### RECORDED INFORMATION
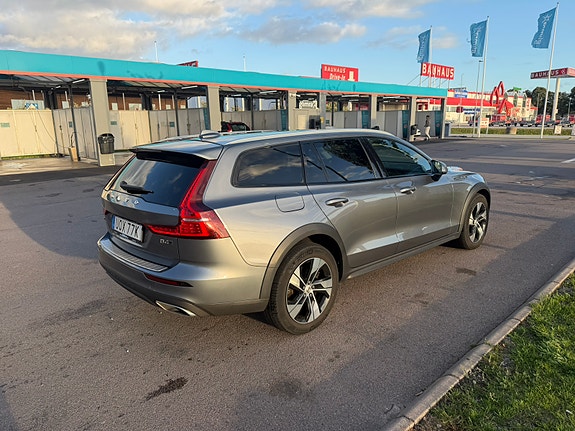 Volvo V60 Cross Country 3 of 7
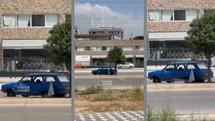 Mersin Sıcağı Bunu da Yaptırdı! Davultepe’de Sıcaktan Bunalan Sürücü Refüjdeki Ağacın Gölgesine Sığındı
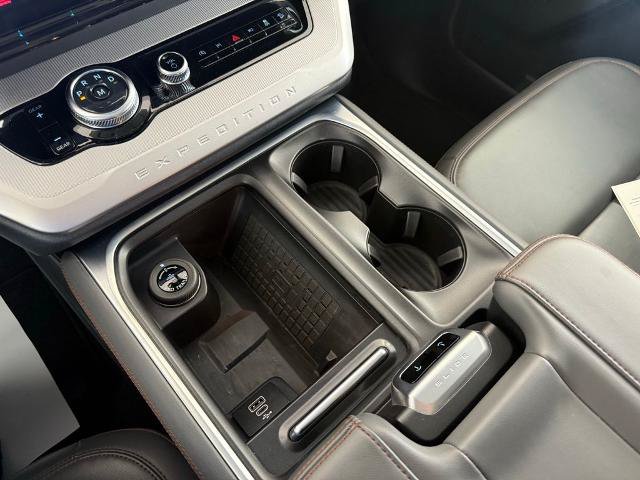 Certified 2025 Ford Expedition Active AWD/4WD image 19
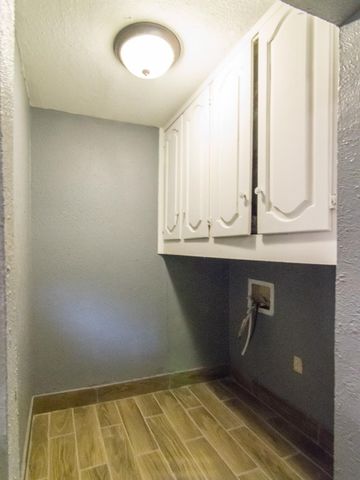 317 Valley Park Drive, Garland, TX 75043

### EXERCISE
Write out the whole listing above exactly; do not include the pictures.

### SOLUTION TO THIS PROBLEM
 Volvo V60 Cross Country 3 of 7
 Mersin Sıcağı Bunu da Yaptırdı! Davultepe’de Sıcaktan Bunalan Sürücü Refüjdeki Ağacın Gölgesine Sığındı
 Certified 2025 Ford Expedition Active AWD/4WD image 19
 317 Valley Park Drive, Garland, TX 75043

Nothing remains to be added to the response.